In the 60s, Tezuka’s students grew dissatisfied with kid-focused Disney-style comics he preferred, so they pioneered "gekiga" - realistic, adult-oriented comics. The icon of this movement was Takao Saito, the creator of Golgo 13 - he refused to even call his work manga, only gekiga. The term eventually fizzled out, but the sentiment remained forever - manga didn't have to focus on just funny animals and superheroes, it could be anything, in any genre, for any audience. Anime’s evolution mirrored this. Unlike Disney, Japan lacked funds for fuckhuge animation houses, so studios like MushiPro and Toei adopted cheaper limited animation techniques taken from Hanna-Barbera (it was Tezuka's idea). Unlike in the US, there was no separation between "cheap" TV animation and "expensive" animated film; everything was cheap. This meant talent wouldn't get funneled to one place like Disney; they would constantly shift between all kinds of projects, and this naturally bred variety, especially since most anime was adapting manga, and I already explained what was happening there. Then, during the 80s economic bubble, OVAs (straight-to-VHS releases) became a thing - even more stuff could now be animated, not limited by TV networks, with a growing (and rich) audience of consumers, the early otaku community. This is how hentai was born, and a lot of now-famous authors, like Hideaki Anno, found their footing in that space.

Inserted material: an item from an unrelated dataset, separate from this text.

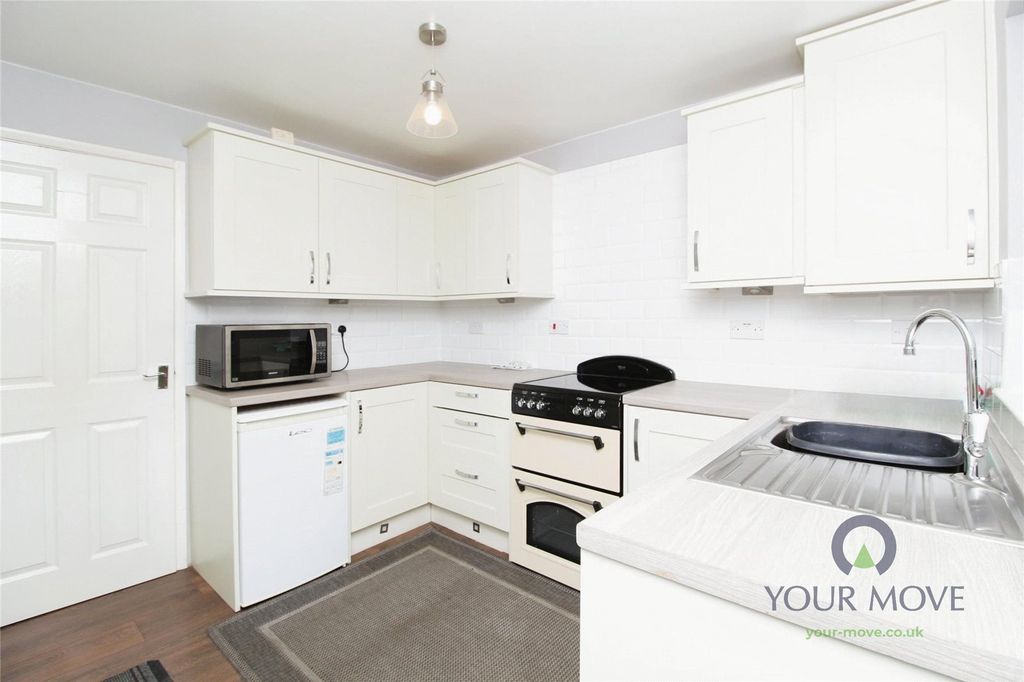 Property photo 2 of 15 Kitchen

In the meantime, Disney was choking the life out of everything. Bakshi wanted to start his own movement, but Fritz the Cat failed miserably, relegated to the sleaziest late-night screenings you can imagine, and that was all she wrote.
>how can Western animation can finally step towards really appreciate animation as an art form?
No clue. The only hope is indie animation. It's late as fuck, but only they could do what the gekiga movement achieved in Japan half a century ago. But then they make stuff like Hazbin Hotel.